Modality-Aware Integration with Large Language Models for Knowledge-based Visual Question Answering
Junnan Dong,Qinggang Zhang,Huachi Zhou,Daochen Zha,Pai Zheng,Xiao Huang
2024-02-20
Abstract:Knowledge-based visual question answering (KVQA) has been extensively studied
to answer visual questions with external knowledge, e.g., knowledge graphs
(KGs).
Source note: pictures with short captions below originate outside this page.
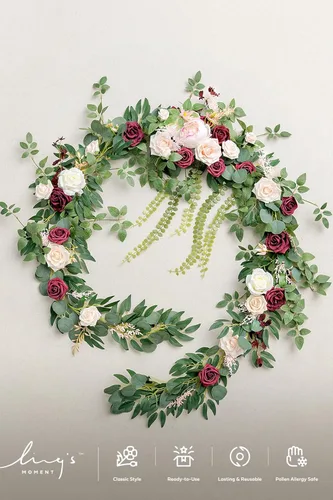 Miniatura 8 de Ling's moment - Guirnalda de eucalipto y hojas de sauce con flor blanca de 3 m, hecha a mano, centro de mesa para decoración de mesa de boda y mesa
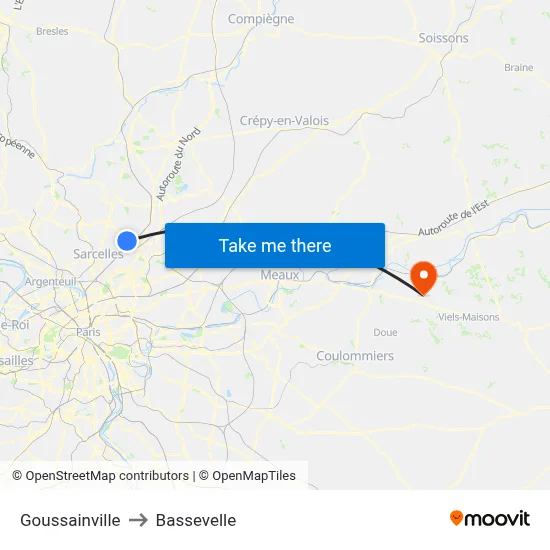 Goussainville to Bassevelle map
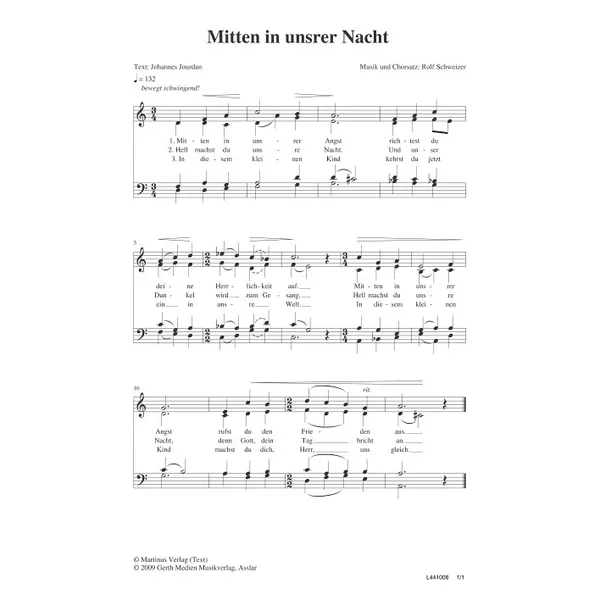 Produktbild des Artikels Mitten in unsrer Nacht (Noten - Download)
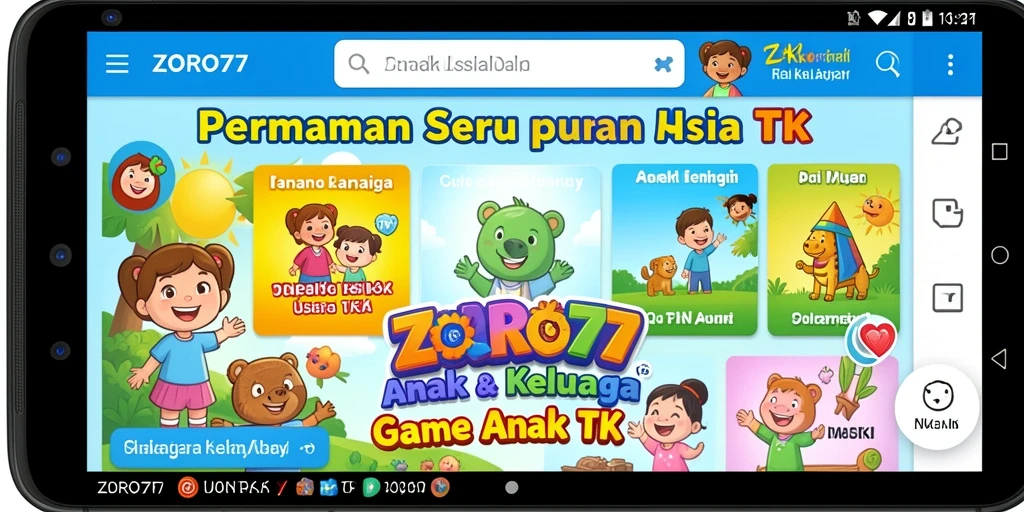Antarmuka menarik dan penuh warna dalam aplikasi Game Anak TK.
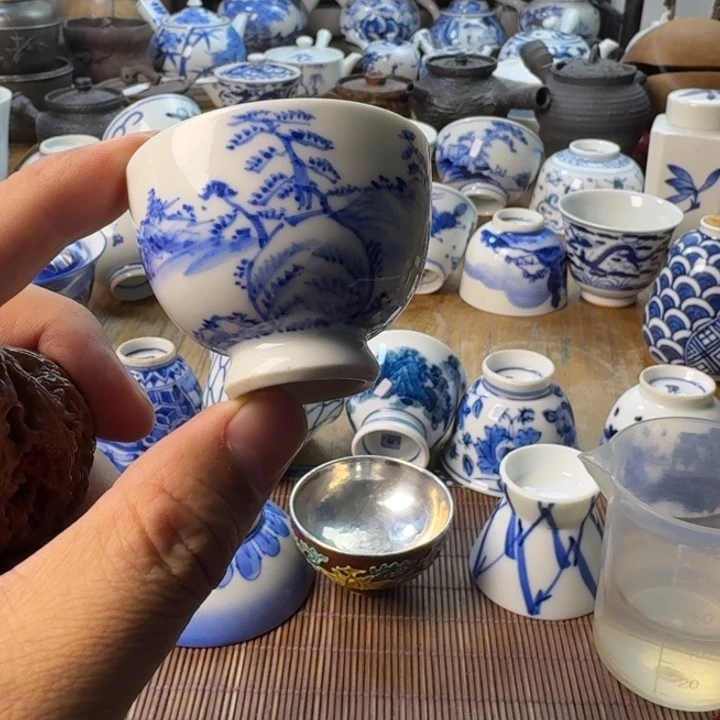 巧***大青花瓷器杯子茶具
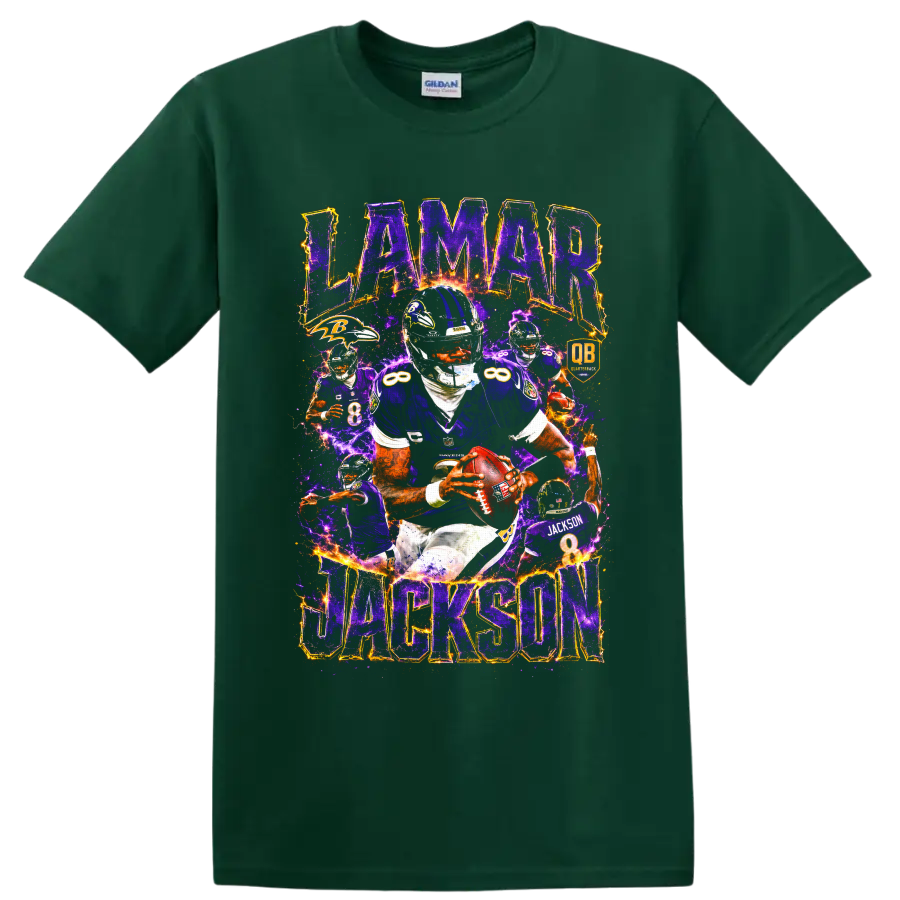 Lamar Jackson Ravens quarterback number 8 action collage with purple lightning on a Forest Green T Shirt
While several attempts have been proposed to leverage large language
models (LLMs) as an implicit knowledge source, it remains challenging since
LLMs may generate hallucinations. Moreover, multiple knowledge sources, e.g.,
images, KGs and LLMs, cannot be readily aligned for complex scenarios. To
tackle these, we present a novel modality-aware integration with LLMs for KVQA
(MAIL). It carefully leverages multimodal knowledge for both image
understanding and knowledge reasoning. Specifically, (i) we propose a two-stage
prompting strategy with LLMs to densely embody the image into a scene graph
with detailed visual features; (ii) We construct a coupled concept graph by
linking the mentioned entities with external facts. (iii) A tailored
pseudo-siamese graph medium fusion is designed for sufficient multimodal
fusion. We utilize the shared mentioned entities in two graphs as mediums to
bridge a tight inter-modal exchange, while maximally preserving insightful
intra-modal learning by constraining the fusion within mediums. Extensive
experiments on two benchmark datasets show the superiority of MAIL with 24x
less resources.
Computation and Language,Information Retrieval,Computer Vision and Pattern Recognition,Machine Learning,Artificial Intelligence
What problem does this paper attempt to address?
The problem that this paper attempts to solve is how to effectively utilize the knowledge of large - language models (LLMs) to enhance image understanding and question - reasoning ability in knowledge - driven visual question answering (KVQA). Specifically, existing methods face the following challenges when using LLMs:
1. **LLMs May Generate Hallucinations**: Directly asking questions to LLMs may lead to inaccurate answers or unreliable reasoning evidence, especially when dealing with complex or domain - specific questions.
2. **Difficulty in Integrating Multimodal Knowledge**: Existing methods usually simply stitch together information from different modalities (such as images, knowledge graphs, and LLMs) for reasoning. This approach lacks necessary cross - modal communication and limits the final reasoning performance.
To solve these problems, the paper proposes a new modality - aware integration framework with LLMs for KVQA (MAIL for short). This framework improves the performance of the KVQA task in the following aspects:
1. **Two - stage Prompting Strategy**: First, prompt the visual LLMs to generate a detailed scene graph containing rich visual features; then extract the entities in the scene and their relationships to form a scene graph.
2. **Coupled Concept Map Construction**: Link the entities in the scene graph with facts in an external knowledge graph (such as ConceptNet) to form a coupled concept map to support knowledge reasoning.
3. **Fusion in Pseudo - Siamese Graph**: Design a pseudo - Siamese graph medium fusion algorithm (PS - GMF). By using shared entities as a medium, it achieves sufficient multimodal fusion while maximizing the retention of internal information in each modality.
Through these methods, MAIL can more effectively utilize the knowledge of LLMs and improve the accuracy and reasoning ability of the KVQA task. Experimental results show that MAIL significantly outperforms multiple existing baseline models on two benchmark datasets and also performs well in terms of resource efficiency.